▸ **SOURCE MATERIAL**
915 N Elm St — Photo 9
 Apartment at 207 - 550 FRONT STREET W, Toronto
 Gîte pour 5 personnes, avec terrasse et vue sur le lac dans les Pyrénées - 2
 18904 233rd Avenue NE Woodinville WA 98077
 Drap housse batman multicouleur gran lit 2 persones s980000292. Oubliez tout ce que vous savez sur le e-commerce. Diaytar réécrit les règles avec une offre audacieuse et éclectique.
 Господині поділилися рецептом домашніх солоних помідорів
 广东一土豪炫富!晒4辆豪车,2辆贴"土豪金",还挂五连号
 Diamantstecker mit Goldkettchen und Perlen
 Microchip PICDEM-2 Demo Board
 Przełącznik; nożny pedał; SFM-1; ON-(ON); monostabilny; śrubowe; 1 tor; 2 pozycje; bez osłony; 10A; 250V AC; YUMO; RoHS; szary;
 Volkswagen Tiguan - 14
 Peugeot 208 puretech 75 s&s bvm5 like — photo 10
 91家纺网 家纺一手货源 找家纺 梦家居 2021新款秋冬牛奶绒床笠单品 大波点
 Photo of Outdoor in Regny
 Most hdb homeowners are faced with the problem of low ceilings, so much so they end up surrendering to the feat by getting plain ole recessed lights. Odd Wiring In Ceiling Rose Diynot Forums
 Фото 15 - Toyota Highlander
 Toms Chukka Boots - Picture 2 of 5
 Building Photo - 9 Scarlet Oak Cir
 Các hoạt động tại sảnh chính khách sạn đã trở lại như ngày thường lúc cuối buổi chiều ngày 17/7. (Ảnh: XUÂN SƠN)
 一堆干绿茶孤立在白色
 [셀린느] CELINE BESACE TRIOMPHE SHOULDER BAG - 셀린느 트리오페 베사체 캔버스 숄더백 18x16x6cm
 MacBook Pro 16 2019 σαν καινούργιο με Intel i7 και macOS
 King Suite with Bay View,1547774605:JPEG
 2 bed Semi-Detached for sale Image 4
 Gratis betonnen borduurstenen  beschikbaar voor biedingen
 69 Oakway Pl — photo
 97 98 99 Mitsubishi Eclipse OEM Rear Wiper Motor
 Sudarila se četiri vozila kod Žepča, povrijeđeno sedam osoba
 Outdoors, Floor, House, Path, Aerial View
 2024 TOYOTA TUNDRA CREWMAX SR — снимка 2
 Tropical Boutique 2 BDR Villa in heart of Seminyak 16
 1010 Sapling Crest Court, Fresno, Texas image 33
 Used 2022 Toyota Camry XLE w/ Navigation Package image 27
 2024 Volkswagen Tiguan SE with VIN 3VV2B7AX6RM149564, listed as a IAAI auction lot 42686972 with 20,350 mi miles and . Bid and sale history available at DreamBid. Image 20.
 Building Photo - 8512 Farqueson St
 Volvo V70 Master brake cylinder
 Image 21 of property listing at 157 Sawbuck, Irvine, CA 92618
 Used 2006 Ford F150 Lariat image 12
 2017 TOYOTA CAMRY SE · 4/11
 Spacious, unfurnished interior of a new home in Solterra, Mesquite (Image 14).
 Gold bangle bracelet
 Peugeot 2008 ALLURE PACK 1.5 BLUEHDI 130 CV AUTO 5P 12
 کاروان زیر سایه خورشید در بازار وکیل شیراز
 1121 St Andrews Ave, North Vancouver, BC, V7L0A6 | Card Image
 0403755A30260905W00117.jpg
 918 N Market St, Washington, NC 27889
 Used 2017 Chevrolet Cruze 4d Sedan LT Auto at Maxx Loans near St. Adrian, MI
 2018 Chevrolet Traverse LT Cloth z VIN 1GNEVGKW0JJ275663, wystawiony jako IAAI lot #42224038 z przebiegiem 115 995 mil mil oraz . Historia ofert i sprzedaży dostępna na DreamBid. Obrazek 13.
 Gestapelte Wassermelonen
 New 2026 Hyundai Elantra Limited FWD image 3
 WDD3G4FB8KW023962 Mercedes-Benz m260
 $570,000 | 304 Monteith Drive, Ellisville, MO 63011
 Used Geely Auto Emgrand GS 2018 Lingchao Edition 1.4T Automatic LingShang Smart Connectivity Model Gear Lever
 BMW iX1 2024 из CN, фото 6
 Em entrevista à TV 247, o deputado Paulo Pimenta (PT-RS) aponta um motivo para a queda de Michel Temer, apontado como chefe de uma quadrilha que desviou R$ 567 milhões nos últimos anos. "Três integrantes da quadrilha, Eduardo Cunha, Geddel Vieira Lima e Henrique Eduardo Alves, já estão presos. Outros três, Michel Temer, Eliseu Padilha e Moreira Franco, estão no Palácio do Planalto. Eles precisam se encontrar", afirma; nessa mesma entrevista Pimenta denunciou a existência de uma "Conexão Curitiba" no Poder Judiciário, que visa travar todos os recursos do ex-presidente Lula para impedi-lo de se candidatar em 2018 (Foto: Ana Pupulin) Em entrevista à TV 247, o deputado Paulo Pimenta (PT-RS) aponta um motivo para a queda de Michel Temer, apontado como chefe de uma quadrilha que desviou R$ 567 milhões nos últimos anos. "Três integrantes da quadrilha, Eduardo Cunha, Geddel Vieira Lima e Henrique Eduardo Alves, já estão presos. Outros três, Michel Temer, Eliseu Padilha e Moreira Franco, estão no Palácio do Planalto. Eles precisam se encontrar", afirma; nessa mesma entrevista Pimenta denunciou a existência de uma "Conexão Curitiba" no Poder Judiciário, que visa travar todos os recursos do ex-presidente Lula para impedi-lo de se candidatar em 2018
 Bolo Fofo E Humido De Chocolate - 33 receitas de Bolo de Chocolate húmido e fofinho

▸ **WHAT YOU ARE ASKED TO DO**
A word-for-word restatement of the lines running from the one with "BMW iX1 2024 из CN, фото 6" to the last line of the records is the whole answer.

▸ **OUTPUT FOR THIS TASK**
 BMW iX1 2024 из CN, фото 6
 Em entrevista à TV 247, o deputado Paulo Pimenta (PT-RS) aponta um motivo para a queda de Michel Temer, apontado como chefe de uma quadrilha que desviou R$ 567 milhões nos últimos anos. "Três integrantes da quadrilha, Eduardo Cunha, Geddel Vieira Lima e Henrique Eduardo Alves, já estão presos. Outros três, Michel Temer, Eliseu Padilha e Moreira Franco, estão no Palácio do Planalto. Eles precisam se encontrar", afirma; nessa mesma entrevista Pimenta denunciou a existência de uma "Conexão Curitiba" no Poder Judiciário, que visa travar todos os recursos do ex-presidente Lula para impedi-lo de se candidatar em 2018 (Foto: Ana Pupulin) Em entrevista à TV 247, o deputado Paulo Pimenta (PT-RS) aponta um motivo para a queda de Michel Temer, apontado como chefe de uma quadrilha que desviou R$ 567 milhões nos últimos anos. "Três integrantes da quadrilha, Eduardo Cunha, Geddel Vieira Lima e Henrique Eduardo Alves, já estão presos. Outros três, Michel Temer, Eliseu Padilha e Moreira Franco, estão no Palácio do Planalto. Eles precisam se encontrar", afirma; nessa mesma entrevista Pimenta denunciou a existência de uma "Conexão Curitiba" no Poder Judiciário, que visa travar todos os recursos do ex-presidente Lula para impedi-lo de se candidatar em 2018
 Bolo Fofo E Humido De Chocolate - 33 receitas de Bolo de Chocolate húmido e fofinho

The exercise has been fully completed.